_PROVIDED MATERIAL_:
*** Block opens ***
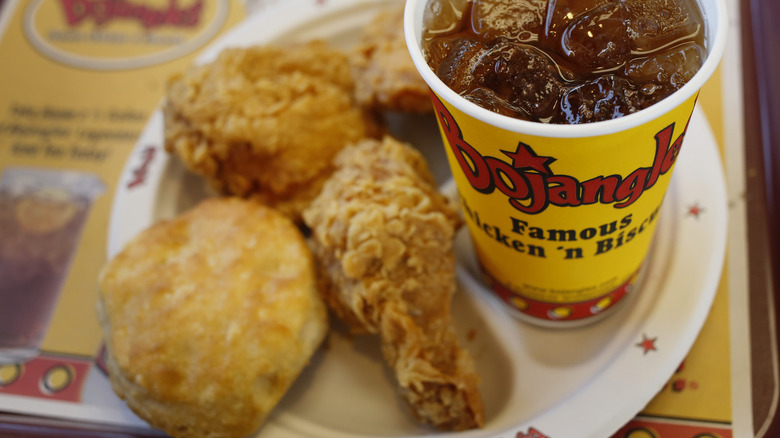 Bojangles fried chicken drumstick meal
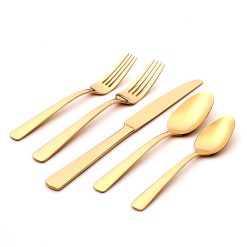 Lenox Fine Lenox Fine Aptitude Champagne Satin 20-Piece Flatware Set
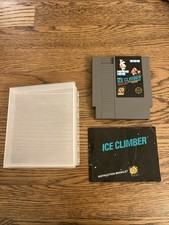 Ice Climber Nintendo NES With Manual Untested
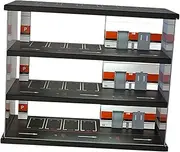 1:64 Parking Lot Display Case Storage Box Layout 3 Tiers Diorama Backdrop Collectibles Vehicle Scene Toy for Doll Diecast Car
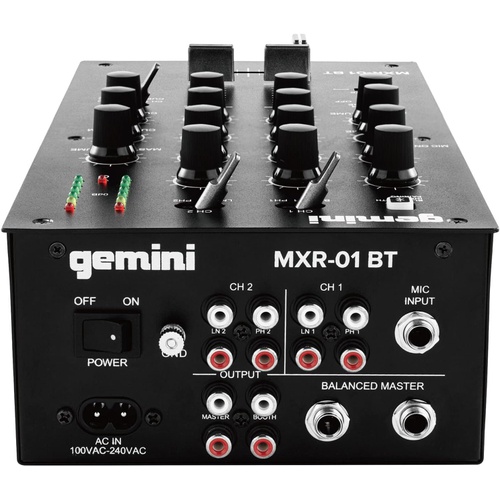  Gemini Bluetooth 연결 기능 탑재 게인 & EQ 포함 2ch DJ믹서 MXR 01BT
*** Block closes ***
*** Block opens ***
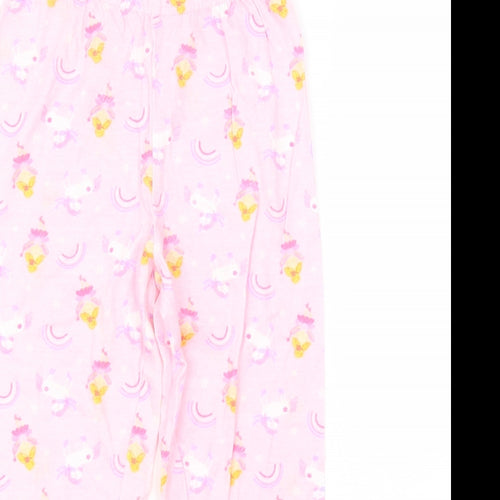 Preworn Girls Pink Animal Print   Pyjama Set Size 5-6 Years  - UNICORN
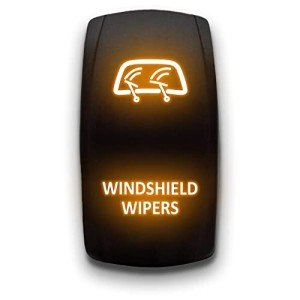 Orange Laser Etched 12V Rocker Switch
*** Block closes ***
*** Block opens ***
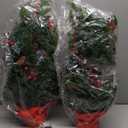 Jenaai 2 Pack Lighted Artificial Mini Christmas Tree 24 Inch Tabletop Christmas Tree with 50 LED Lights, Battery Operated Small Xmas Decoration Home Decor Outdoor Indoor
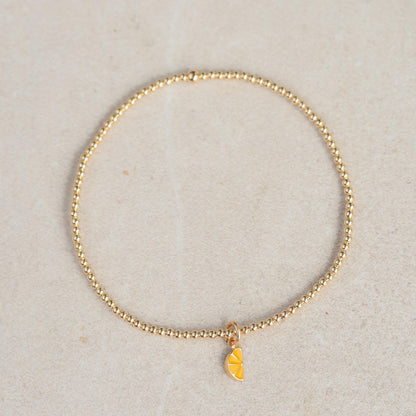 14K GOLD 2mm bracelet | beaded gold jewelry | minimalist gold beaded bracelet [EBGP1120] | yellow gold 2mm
*** Block closes ***
_PROBLEM_:
Print exactly the lines above that run from the one with "Preworn Girls Pink" to the one with "Orange Laser Etched 12V Rocker Switch", both included. No pictures.

_REPLY_:
 Preworn Girls Pink Animal Print   Pyjama Set Size 5-6 Years  - UNICORN
 Orange Laser Etched 12V Rocker Switch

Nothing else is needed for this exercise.